Vladimir Platonow
Repórter da Agência Brasil
Rio de Janeiro – Os eleitores do Complexo do Alemão, na zona norte do Rio, votaram pela primeira vez, em muitos anos, sem a influência direta do tráfico de drogas. Com a região beneficiada por quatro unidades de Polícia Pacificadora (UPPs) em maio deste ano, os moradores foram às urnas desde cedo, para eleger o prefeito e vereadores.
As principais ruas do conjunto de favelas amanheceram cobertas por um verdadeiro tapete de folhetos e santinhos de candidatos. Em muros, grades e janelas das casas, cartazes com nomes de diversos partidos demonstravam que os traficantes não exercem seu poder de intimidação como em anos atrás. Em passado recente só políticos alinhados com os criminosos podiam fazer campanha na região.
Espalhados pelas esquinas ou circulando de carro pelas ruas internas, equipes de policiais militares acompanhavam o movimento de eleitores, sem agir diretamente contra a distribuição de santinhos por cabos eleitorais, que abordavam eleitores de forma discreta, a fim de não serem flagrados pela fiscalização.
Mesmo com o novo esquema de segurança, o temor em falar abertamente com a imprensa ainda é quase uma regra. Quem se dispõe a conversar, geralmente pede para não ter o nome publicado ou não fala sobre assuntos de segurança.
“Está tudo tranquilo. Todo mundo está numa boa. Um ótimo domingo”, limitou-se a dizer um morador, que trabalha de marceneiro. Outro eleitor aceitou dar o nome, mas desconversou quando a pergunta foi sobre a influência das UPPs na comunidade: “Sobre isso aí, é melhor não falar nada”, disse o pintor Carlos Henrique.
Fora das vielas internas, caminhando pela avenida principal, mais à vontade, a dona de casa Maura Regina falou como eram as eleições anteriores, quando imperava o poder do tráfico. “Antes era muito tumultuado. Agora não, está mais calmo. A gente pode andar na rua com tranquilidade”, disse ela.
Ao lado do Complexo do Alemão, outra comunidade que recebeu recentemente uma UPP é a Vila Cruzeiro. Nas ruas é possível entrar e fazer fotos, mas os moradores continuam inseguros em falar com a imprensa.
Enquanto descansava sob uma árvore, o alagoano José Paulo dos Santos, falou o que achava dos políticos. “Eu voto porque é obrigatório. Mas depois a gente vê os políticos meterem a mão no dinheiro público e perde a confiança”, disse Santos, que encerrou a conversa quando o rumo derivou para o papel das UPPs na região: “Desse assunto eu não sei nada não”.
Mais relaxados, um grupo de jovens bebia cerveja em um bar próximo.
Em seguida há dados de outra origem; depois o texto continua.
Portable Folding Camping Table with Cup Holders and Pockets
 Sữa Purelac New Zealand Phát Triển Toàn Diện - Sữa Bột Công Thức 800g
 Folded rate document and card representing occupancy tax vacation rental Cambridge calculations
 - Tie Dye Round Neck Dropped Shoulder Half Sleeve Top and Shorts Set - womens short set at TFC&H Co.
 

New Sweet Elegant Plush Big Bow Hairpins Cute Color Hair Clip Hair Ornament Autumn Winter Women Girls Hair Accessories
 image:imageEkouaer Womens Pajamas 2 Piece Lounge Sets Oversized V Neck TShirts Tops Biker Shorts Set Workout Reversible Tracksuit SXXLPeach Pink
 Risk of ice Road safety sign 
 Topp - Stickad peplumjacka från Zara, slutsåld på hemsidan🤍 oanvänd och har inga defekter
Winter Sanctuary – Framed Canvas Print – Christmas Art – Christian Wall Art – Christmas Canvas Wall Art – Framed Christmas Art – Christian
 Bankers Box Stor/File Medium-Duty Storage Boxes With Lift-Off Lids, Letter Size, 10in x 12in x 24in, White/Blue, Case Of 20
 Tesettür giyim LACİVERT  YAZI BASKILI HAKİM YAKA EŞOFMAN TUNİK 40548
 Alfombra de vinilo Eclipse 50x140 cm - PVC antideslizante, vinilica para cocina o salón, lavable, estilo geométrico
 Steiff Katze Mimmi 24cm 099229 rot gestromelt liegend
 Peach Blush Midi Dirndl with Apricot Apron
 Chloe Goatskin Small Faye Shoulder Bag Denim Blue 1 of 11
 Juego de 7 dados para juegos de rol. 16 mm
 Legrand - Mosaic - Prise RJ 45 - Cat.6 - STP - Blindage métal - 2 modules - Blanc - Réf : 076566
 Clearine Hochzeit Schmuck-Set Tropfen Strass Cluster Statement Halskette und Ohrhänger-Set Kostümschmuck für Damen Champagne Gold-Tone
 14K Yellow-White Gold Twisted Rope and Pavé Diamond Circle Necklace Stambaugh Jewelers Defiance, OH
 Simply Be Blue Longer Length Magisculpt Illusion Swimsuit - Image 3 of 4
Depois de falarem sobre as aventuras do craque Adriano do Flamengo, que volta e meia aparece por ali, onde se criou, os moradores disseram que votaram todos em uma candidata à reeleição que mantém permanentemente um centro social na comunidade.
“Minha mãe não enxergava um palmo. Passou a ver tudo, depois que ganhou um óculos da vereadora”, disse Fernando da Costa, que foi logo apoiado pelo primo José Leandro: “E a minha mãe arrancou dente e botou uma dentadura”, disse ele, apontando para o centro social, onde também é possível cortar cabelo e até fazer massagem. Tudo de graça.